When I moved across the country I was sad that my two plants that I had been caring for could not make the journey. Fortunately, my sister had agreed to take one of them. Unsure of what to do with the second (her roommate, for some reason, was not interested in 2 houseplants), I stealthily left the second one in a sunny, quiet corner of her apartment. She didn’t notice for 2 weeks and also, fortunately, she accepted that one into her care, as well. I smile at them when I visit her.
Thanks for the inspiration. I’ve never had a green thumb and need something super low maintenance. Hubby won’t want houseplants if they get to be a mess!

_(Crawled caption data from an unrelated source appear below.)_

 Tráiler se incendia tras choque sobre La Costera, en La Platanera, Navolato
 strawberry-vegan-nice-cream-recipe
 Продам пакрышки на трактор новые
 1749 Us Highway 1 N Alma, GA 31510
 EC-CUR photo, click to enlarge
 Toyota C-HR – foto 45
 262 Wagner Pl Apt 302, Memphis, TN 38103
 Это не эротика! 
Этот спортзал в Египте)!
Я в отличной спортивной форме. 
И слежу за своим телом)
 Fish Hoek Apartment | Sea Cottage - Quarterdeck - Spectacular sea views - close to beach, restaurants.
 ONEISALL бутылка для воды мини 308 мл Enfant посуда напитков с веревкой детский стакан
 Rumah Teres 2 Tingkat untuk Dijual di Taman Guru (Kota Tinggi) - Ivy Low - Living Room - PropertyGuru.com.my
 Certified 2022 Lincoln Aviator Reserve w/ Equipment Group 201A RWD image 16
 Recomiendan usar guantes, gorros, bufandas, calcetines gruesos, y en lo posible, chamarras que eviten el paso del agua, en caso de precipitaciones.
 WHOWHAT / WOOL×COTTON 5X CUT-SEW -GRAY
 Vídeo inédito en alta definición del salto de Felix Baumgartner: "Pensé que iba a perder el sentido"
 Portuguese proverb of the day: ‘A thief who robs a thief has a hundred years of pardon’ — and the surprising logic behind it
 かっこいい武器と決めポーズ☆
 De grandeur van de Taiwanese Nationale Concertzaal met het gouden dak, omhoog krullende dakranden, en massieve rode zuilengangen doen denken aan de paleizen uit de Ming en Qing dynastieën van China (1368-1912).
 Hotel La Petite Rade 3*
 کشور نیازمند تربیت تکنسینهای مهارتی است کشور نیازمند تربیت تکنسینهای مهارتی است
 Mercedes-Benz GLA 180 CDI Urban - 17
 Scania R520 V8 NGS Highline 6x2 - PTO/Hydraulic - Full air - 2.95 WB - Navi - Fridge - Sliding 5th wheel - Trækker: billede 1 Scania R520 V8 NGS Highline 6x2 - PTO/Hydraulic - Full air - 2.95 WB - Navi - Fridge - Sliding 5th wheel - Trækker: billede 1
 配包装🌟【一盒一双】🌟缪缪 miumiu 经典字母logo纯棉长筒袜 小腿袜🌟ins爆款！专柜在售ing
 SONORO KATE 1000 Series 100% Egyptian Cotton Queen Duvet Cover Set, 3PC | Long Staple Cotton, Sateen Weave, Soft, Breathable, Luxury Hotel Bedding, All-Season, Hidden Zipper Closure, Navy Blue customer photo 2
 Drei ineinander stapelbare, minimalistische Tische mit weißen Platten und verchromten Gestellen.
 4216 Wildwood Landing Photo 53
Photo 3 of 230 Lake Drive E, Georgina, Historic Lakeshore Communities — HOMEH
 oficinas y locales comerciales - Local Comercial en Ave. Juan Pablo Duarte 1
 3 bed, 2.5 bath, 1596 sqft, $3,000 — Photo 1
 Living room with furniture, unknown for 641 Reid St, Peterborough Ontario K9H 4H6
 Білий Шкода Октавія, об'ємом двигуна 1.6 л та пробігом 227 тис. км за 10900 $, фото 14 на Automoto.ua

I actually received a little succulent garden pot, and I wanted to separate them, and sort them throughout the house, so this was perfect timing. I now want to go buy more plants to fill my room. I have a darker room unfortunately, so its great to see I can still have plants! 🙂
This is great, thanks Lara! I really want more plants in my bed and bath but it’s on the north facing side of my home and gets very little light except on the edge of my soaking tub. The front half of the house gets great light but are my kids’ windows and then my front room with no ledge or table to put them on! I like the plants on your bookshelves – do you rotate plants from location to location to give them opportunities for different light? My kitchen windowsill is also north facing and gets good indirect light all day and then bright afternoon direct light. My succulents live there and get very leggy. Doesn’t help that most winter is overcast here in the NW. can you talk about repotting when they start to grow bigger than when you bought them?
I killed my orchid but would like to try one again. I have your classic succulents from IKEA (which I have been having fun propagating over the last 3 years), an aloe that when I gave it some fertilizer sprouted 50 new arms and looks like a crazy hairdo (maybe there are more individual baby plants I could repot???), a small snake plant that I think has a sibling I could transfer to another container, and a small palm like plant that I think has gotten rootbound! Time for some tlc. Thanks for being so Inspiring! I love the color and freshness your pictures capture. I like how you name them, too.
Hi! I do sometimes rotate plants around in different seasons (mostly between fall and winter and then back again after winter) because the light changes dramatically here. And I most definitely repot things from time to time. If a plant keeps growing so big I need to prune it, I will consider repotting. I’m no expert though! For succulents that get leggy, it’s usually because they are seeking light and it’s perfectly okay to prune them and use the cuttings to make new plants. : )
Janneke! You are the winner of the houseplant giveaway! Send me your info to LaraCasey.com/giveaway-winner and I will get it to you! : )
Oh yay! Thank you, Lara! Since this post I repotted my palm. I’m excited for a new plant!
Thank you so much for such wonderful tips! I bet they will definitely come in handy. 🙂
I’ve just recently started a mini succulent garden and have a new scheflerra that reminds me of my Momma. They make me smile every time I see them. 😁
I don’t have many houseplants, as my cats will eat them. I do have a “mother of millions” that came from a dear neighbor when we moved a few years ago that I’ve managed to keep alive and healthy.
Long time plant lover moves to house with huge sunroom. Goes crazy! My husband does a count from time to time. We’re up to 78 and counting.
I moved three huge old timers that I’ve had for 40 years or more. There’s a ton of root pruning in my future,
Loved your article and I am happy to buy your book. Thanks
Lara, Metrolina Greenhouses is definitely worth your time and the trip! The VanWingerden’s story is truly special and inspiring. The property is beautiful and it is amazing how many plants they produce. I hope that this inspires you to make a trip happen and that you have a wonderful time!